Sullo sfondo un problema enorme: l’11,5% delle famiglie vive ancora in situazioni di disagio. In forte aumento soprattutto i nuclei «jobless», in cui nessuno lavora: nel 2015 sono arrivati a quota 2,2 milioni. «Colpa del nostro sistema di protezione sociale - annota il presidente dell’Istat, Giorgio Alleva - che risulta tra i meno efficaci nel proteggere le persone dal rischio di cadere in povertà».

Giovani vs adulti

Tra il 2004 e il 2015, rileva il Rapporto Istat, giovani e adulti presentano dinamiche opposte. Innanzitutto, il peso decrescente dei 15-34enni sul totale degli occupati testimonia il progressivo invecchiamento della forza lavoro. A questo si aggiunge la diversa struttura dell’occupazione: i 55-64enni sono più presenti nei settori tradizionali (agricoltura, pubblica amministrazione, istruzione e sanità), i giovani nei servizi privati. Inoltre, il maggiore investimento in istruzione dei più giovani non trova riscontro nella qualifica del lavoro svolto, tanto che il numero dei sovraistruiti fra i 15-34enni è quasi il triplo di quello degli adulti. E come se non bastasse l’Istat rivela che nemmeno la tanto evocata staffetta generazionale potrebbe invertire il trend. Il confronto tra i 15-34enni occupati da non più di 3 anni al primo lavoro e le persone con più di 54 anni andate in pensione nello stesso periodo, infatti, fa emergere la difficile sostituibilità «posto per posto» di giovani e anziani.
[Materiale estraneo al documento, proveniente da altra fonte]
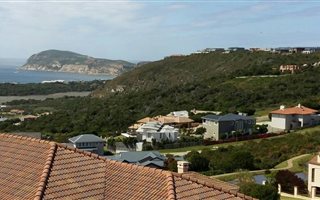 518 m² Land available in Whale Rock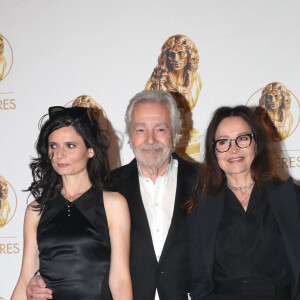 Salomé Lelouch, Pierre Arditi et Évelyne Bouix - 33ème " Nuit des Molières " aux Folies Bergère à Paris le 30 Mai 2022. Bertrand Rindoff / Bestimage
Mentre i primi entrano soprattutto nei servizi privati - 319 mila tra commercio, alberghi, ristoranti e servizi alle imprese, a fronte di 130 mila uscite - in altri settori le uscite non sono rimpiazzate dalle entrate (125 mila escono da Pa e scuola e solo 37 mila entrano).

Più occupati e più Neet

Il risultato è che nel 2015 sono stati più di 2,3 milioni i giovani di 15-29 anni non occupati e non in formazione (Neet), di cui 3 su 4 vorrebbero lavorare. L’incidenza sui giovani di 15-29 anni è al 25,7% (+6,4 punti sul 2008) e tocca punte ancor più alte tra gli stranieri (35,4%), al Sud (35,3%) e tra le donne (27,1%), specie se madri (64,9%). Dopo sette anni di aumento ininterrotto il numero dei disoccupati nel 2015 è tornato a scendere toccando l’11,9%, poco sopra quota 3 milioni. Il tasso di occupazione dei giovani si attesta al 39,2% (era al 50,3% nel 2008). Di contro i 50-64enni crescono di 9,2 punti e toccano il 56,3% mettendo a segno la crescita più forte con un trend particolarmente accentuato negli anni della crisi per effetto delle riforme delle pensioni, dell’incremento della popolazione della generazione del baby boom e dell’innalzamento del livello di istruzione.

Futuro grigio per il lavoro

Prospettive? Di qui al 2025 la situazione non cambierà più di tanto: dall’analisi Istat emerge infatti che il tasso di occupazione resterà prossimo a quello del 2010, «a meno che - segnala il Rapporto - non intervengano politiche di sostegno alla domanda interna e un ampliamento della base produttiva».